This is the most common representation approach for HAR and involves the computation of a number of defined measures on either the raw accelerometer data (time-domain) or the frequency transformation of the data (frequency domain) obtained using Fast Fourier Transforms (FFTs). These measures are designed to capture the characteristics of the signal e.g. average acceleration, variation in acceleration, dominant frequency etc. that are useful for distinguishing different classes of activities. For both time and frequency domain hand-crafted features, the input is a vector of real values \(\overrightarrow{v} = {v_1, v_2, \ldots , v_n}\) for each axis x, y and z. A function \(\theta _i\) (e.g. mean) is then applied to each vector \(\overrightarrow{v}\) to compute a single feature value \(f_i\). The final representation is a vector of length l comprised of these computed features \(\overrightarrow{f} = {f_1, f_2,\ldots ,f_l}\).

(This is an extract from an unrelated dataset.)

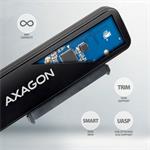 Axagon ADSA-FP2C, USB-C SATA 2.5" SSD/HDD slim adaptér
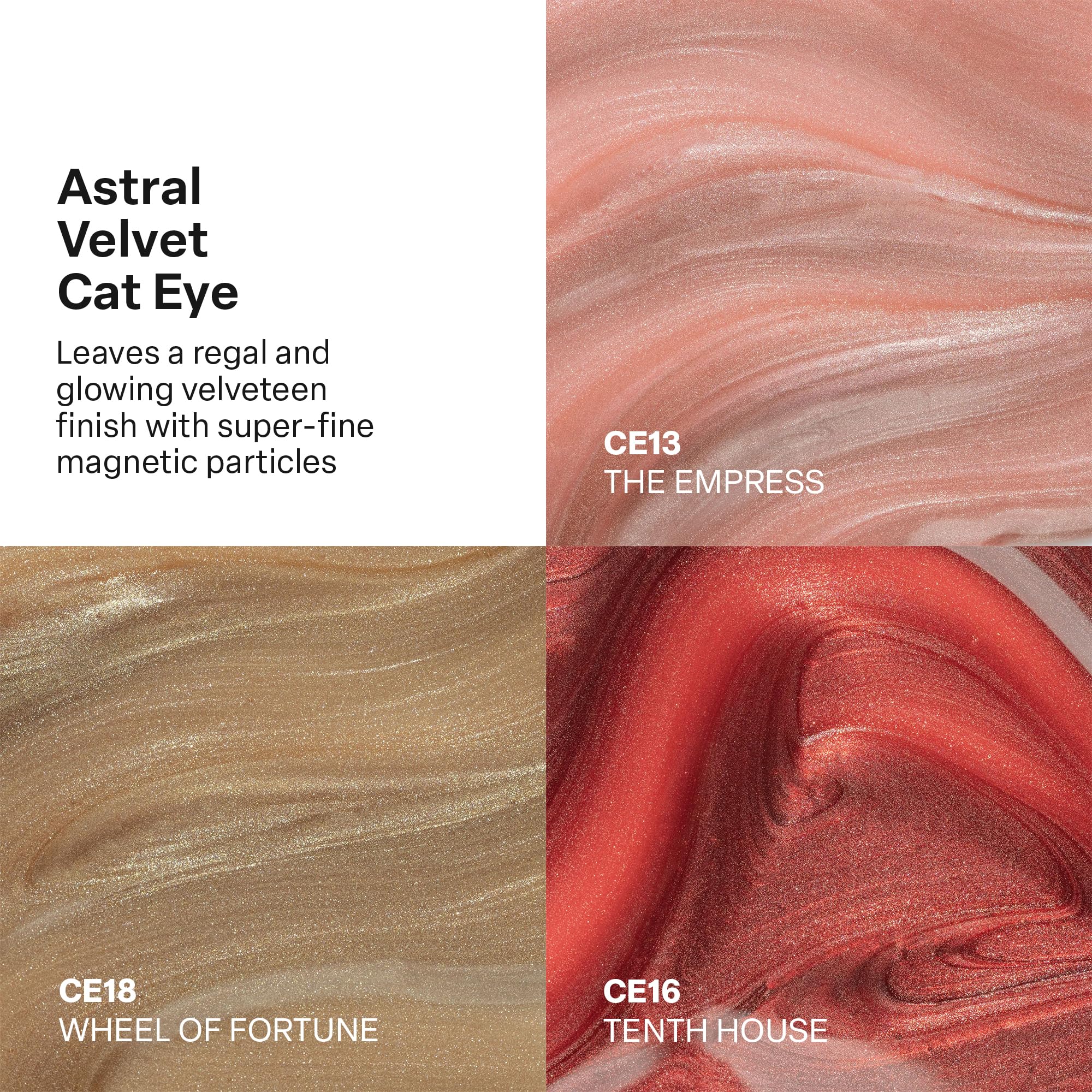 APRÉS Astral Gel Color Set: 3-Color HEMA-Free Salon Gel Polish Trio (Astral Velvet Cat Eye, Set 6)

The time-domain and frequency domain features used in this work are presented in Table 1. Further information on these features can be found in [5, 20] respectively.

While hand-crafted features have worked well for HAR [9], a significant disadvantage is that they are domain specific. A different set of features need to be defined for each different type of input data i.e. accelerometer, gyroscope, time-domain or frequency domain values. Hence, some understanding of the characteristics of the data is required. Also, it is not always clear which features are likely to work best. Choice of features is usually made through empirical evaluation of different combinations of features or with the aid of feature selection algorithms [19].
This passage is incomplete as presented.